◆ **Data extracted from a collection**
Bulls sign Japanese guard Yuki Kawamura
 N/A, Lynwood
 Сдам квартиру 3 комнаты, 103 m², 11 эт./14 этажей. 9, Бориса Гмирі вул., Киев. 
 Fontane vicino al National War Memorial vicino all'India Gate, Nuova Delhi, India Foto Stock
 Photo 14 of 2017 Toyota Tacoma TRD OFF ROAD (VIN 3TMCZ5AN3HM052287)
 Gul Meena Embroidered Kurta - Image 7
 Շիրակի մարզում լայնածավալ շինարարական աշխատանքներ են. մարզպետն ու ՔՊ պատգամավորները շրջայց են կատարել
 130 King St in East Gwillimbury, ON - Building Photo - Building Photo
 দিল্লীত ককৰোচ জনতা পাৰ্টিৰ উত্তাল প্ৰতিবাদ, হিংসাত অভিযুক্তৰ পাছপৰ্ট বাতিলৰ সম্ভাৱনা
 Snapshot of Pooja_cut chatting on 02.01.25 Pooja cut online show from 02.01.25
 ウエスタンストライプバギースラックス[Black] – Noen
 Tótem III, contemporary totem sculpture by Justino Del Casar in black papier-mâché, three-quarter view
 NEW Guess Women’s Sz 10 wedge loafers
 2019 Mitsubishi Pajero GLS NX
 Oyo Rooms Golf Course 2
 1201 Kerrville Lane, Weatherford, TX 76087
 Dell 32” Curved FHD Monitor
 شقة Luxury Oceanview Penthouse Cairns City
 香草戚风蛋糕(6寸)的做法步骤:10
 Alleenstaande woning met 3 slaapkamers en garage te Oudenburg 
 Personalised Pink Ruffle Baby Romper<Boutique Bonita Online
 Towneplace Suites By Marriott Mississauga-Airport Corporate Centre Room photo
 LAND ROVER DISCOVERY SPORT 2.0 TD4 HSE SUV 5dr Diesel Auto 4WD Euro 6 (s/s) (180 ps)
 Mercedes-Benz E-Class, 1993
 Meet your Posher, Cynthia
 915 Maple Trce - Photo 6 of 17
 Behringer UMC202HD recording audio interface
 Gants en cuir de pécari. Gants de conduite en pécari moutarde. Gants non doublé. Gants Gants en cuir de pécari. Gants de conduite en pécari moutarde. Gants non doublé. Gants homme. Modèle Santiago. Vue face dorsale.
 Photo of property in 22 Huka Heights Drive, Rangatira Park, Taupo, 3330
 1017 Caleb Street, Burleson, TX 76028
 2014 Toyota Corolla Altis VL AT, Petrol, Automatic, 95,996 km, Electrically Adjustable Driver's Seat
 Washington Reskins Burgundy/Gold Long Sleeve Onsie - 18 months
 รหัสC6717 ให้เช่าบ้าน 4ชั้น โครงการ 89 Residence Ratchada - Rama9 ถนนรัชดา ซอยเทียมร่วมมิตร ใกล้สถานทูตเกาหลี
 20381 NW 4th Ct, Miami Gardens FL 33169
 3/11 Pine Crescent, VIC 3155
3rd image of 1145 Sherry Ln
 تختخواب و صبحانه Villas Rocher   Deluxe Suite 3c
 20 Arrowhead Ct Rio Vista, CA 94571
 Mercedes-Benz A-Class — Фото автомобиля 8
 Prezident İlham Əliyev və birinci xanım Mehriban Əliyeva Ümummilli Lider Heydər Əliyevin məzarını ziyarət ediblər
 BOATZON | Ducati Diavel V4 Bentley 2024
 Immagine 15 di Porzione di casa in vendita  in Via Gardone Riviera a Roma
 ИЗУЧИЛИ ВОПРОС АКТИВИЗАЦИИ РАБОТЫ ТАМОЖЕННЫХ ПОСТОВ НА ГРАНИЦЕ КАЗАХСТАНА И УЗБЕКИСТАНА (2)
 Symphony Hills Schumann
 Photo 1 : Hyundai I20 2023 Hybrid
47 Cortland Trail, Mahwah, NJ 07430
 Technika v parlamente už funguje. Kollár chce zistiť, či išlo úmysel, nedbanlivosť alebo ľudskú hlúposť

◆ **Work request**
Word for word, write out the entries above again.

◆ **Response for this exercise**
Bulls sign Japanese guard Yuki Kawamura
 N/A, Lynwood
 Сдам квартиру 3 комнаты, 103 m², 11 эт./14 этажей. 9, Бориса Гмирі вул., Киев. 
 Fontane vicino al National War Memorial vicino all'India Gate, Nuova Delhi, India Foto Stock
 Photo 14 of 2017 Toyota Tacoma TRD OFF ROAD (VIN 3TMCZ5AN3HM052287)
 Gul Meena Embroidered Kurta - Image 7
 Շիրակի մարզում լայնածավալ շինարարական աշխատանքներ են. մարզպետն ու ՔՊ պատգամավորները շրջայց են կատարել
 130 King St in East Gwillimbury, ON - Building Photo - Building Photo
 দিল্লীত ককৰোচ জনতা পাৰ্টিৰ উত্তাল প্ৰতিবাদ, হিংসাত অভিযুক্তৰ পাছপৰ্ট বাতিলৰ সম্ভাৱনা
 Snapshot of Pooja_cut chatting on 02.01.25 Pooja cut online show from 02.01.25
 ウエスタンストライプバギースラックス[Black] – Noen
 Tótem III, contemporary totem sculpture by Justino Del Casar in black papier-mâché, three-quarter view
 NEW Guess Women’s Sz 10 wedge loafers
 2019 Mitsubishi Pajero GLS NX
 Oyo Rooms Golf Course 2
 1201 Kerrville Lane, Weatherford, TX 76087
 Dell 32” Curved FHD Monitor
 شقة Luxury Oceanview Penthouse Cairns City
 香草戚风蛋糕(6寸)的做法步骤:10
 Alleenstaande woning met 3 slaapkamers en garage te Oudenburg 
 Personalised Pink Ruffle Baby Romper<Boutique Bonita Online
 Towneplace Suites By Marriott Mississauga-Airport Corporate Centre Room photo
 LAND ROVER DISCOVERY SPORT 2.0 TD4 HSE SUV 5dr Diesel Auto 4WD Euro 6 (s/s) (180 ps)
 Mercedes-Benz E-Class, 1993
 Meet your Posher, Cynthia
 915 Maple Trce - Photo 6 of 17
 Behringer UMC202HD recording audio interface
 Gants en cuir de pécari. Gants de conduite en pécari moutarde. Gants non doublé. Gants Gants en cuir de pécari. Gants de conduite en pécari moutarde. Gants non doublé. Gants homme. Modèle Santiago. Vue face dorsale.
 Photo of property in 22 Huka Heights Drive, Rangatira Park, Taupo, 3330
 1017 Caleb Street, Burleson, TX 76028
 2014 Toyota Corolla Altis VL AT, Petrol, Automatic, 95,996 km, Electrically Adjustable Driver's Seat
 Washington Reskins Burgundy/Gold Long Sleeve Onsie - 18 months
 รหัสC6717 ให้เช่าบ้าน 4ชั้น โครงการ 89 Residence Ratchada - Rama9 ถนนรัชดา ซอยเทียมร่วมมิตร ใกล้สถานทูตเกาหลี
 20381 NW 4th Ct, Miami Gardens FL 33169
 3/11 Pine Crescent, VIC 3155
3rd image of 1145 Sherry Ln
 تختخواب و صبحانه Villas Rocher   Deluxe Suite 3c
 20 Arrowhead Ct Rio Vista, CA 94571
 Mercedes-Benz A-Class — Фото автомобиля 8
 Prezident İlham Əliyev və birinci xanım Mehriban Əliyeva Ümummilli Lider Heydər Əliyevin məzarını ziyarət ediblər
 BOATZON | Ducati Diavel V4 Bentley 2024
 Immagine 15 di Porzione di casa in vendita  in Via Gardone Riviera a Roma
 ИЗУЧИЛИ ВОПРОС АКТИВИЗАЦИИ РАБОТЫ ТАМОЖЕННЫХ ПОСТОВ НА ГРАНИЦЕ КАЗАХСТАНА И УЗБЕКИСТАНА (2)
 Symphony Hills Schumann
 Photo 1 : Hyundai I20 2023 Hybrid
47 Cortland Trail, Mahwah, NJ 07430
 Technika v parlamente už funguje. Kollár chce zistiť, či išlo úmysel, nedbanlivosť alebo ľudskú hlúposť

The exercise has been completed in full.